Odio a los dentistas. No se trata de una inquina personal a los profesionales que ejercen como tales, bien al contrario, casi todos los que han tenido acceso a mi boca eran personas aparentemente diestras y de un trato agradable. El odio al que me refiero es el que se atrinchera en un área concreta del subconsciente, donde reina como un monarca absoluto mi rechazo al dolor. Sencillamente no soporto el daño que me hacen. Siempre que me sientan en uno de esos sillones que parecen el puesto de mando de un astronauta, consiguen que vea las estrellas. Además, eso ocurre después de ofrecerme garantías e incluso jurarme por su honor y el título de colegiado que disponen de todos los medios científicos y técnicos para evitarme cualquier sufrimiento. Mienten, mienten como bellacos o, lo que es peor, se engañan a sí mismos confundiéndome a mí. Reconozco que no soy un paciente fácil y que la mera aparición en escena del ganchito con el que hurgan entre las piezas dentales durante las maniobras preliminares, alerta mis neuronas hasta el punto de provocar un preventivo grito de terror. Admito además que la visión de la jeringa, con su larga aguja para inyectar el fluido anestésico, tensa todos los músculos de mi anatomía desatando aparatosos estertores. Es igualmente cierto que el primer pinchazo produce en mi rostro una reacción algo exagerada, al quedar desencajada la mandíbula y salirse los ojos de sus órbitas.

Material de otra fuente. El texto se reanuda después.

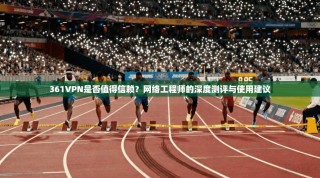 361VPN是否值得信赖？网络工程师的深度测评与使用建议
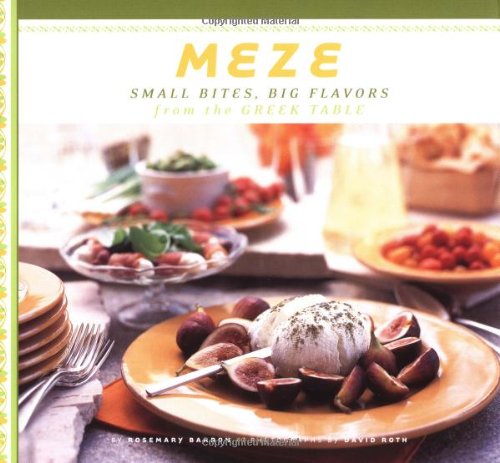 MEZE: Small Bites, Big Flavors, From the Greek Table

Sí, debo confesar que tales reacciones no guardan proporción con el daño hasta ese momento infligido, lo que supongo fruto del desmedido terror psicológico que la situación me suscita. Pero sé positivamente que el auténtico tormento está por venir. Por algún motivo que escapa a mis conocimientos científicos, la fantástica anestesia que se supone debía adormecer drásticamente las terminales nerviosas de la zona tratada, ni siquiera las amodorra. A causa de ello, los intentos iniciales de intervención del instrumental de asalto son contestados con un aullido aterrador que hace temblar la estructura del edificio. Antes incluso de que alguien pronuncie una palabra de consuelo que alivie mi padecer, la enfermera cierra bien la puerta para amortiguar futuros alaridos y evitar que otros pacientes huyan despavoridos temiendo encontrarse en las celdas de Torquemada. Pronto vendrá un segundo, un tercer y hasta un cuarto y quinto pinchazo con la pretensión de aplacar la vitalidad del nervio, que muestra su heroica resistencia propinándome nuevos latigazos. Ya exhausto, sin todavía haber logrado siquiera iniciar la faena, el dentista pronuncia unas palabras que logran encoger mi ombligo reduciéndolo a la mínima expresión. 'Te dolerá un poco, pero hay que pinchar directamente el nervio'. Definir como 'un poco doloroso' ese inmediato devenir constituye más que una mentira piadosa. La aguja atraviesa el nervio provocando una terrible punzada que recorre inmisericorde todos los huesos de la cara para invadir la cavidad craneal. Después de eso, la entrega es total. Ni sé, ni casi me importa, lo que estén haciendo conmigo. Cuando recibo la palmadita final que indica la conclusión del viaje y trato de apearme del módulo lunar, ya no siento ni la boca ni las piernas. Por alta que sea la factura que seguidamente me pasan, tampoco parpadeo. Sólo quiero huir. Todo esto que les cuento sobre mi íntimo padecer me ha venido a la memoria tras escuchar a los pacientes de esa falsa dentista que abrió consulta en Fuenlabrada. Según dicen, logró ganarse la confianza de sus clientes a base de paciencia y dulzura. Un trato suave y refinado que, hábilmente acompañado de una exhibición de aparente destreza, conseguía transmitir seguridad y sosiego a quienes sentaba en su sillón. Luego, la muy bestia, suministraba anestesia en dosis de caballo, practicaba endodoncias sin hacer radiografías y dejaba trozos de muela en el interior de las encías.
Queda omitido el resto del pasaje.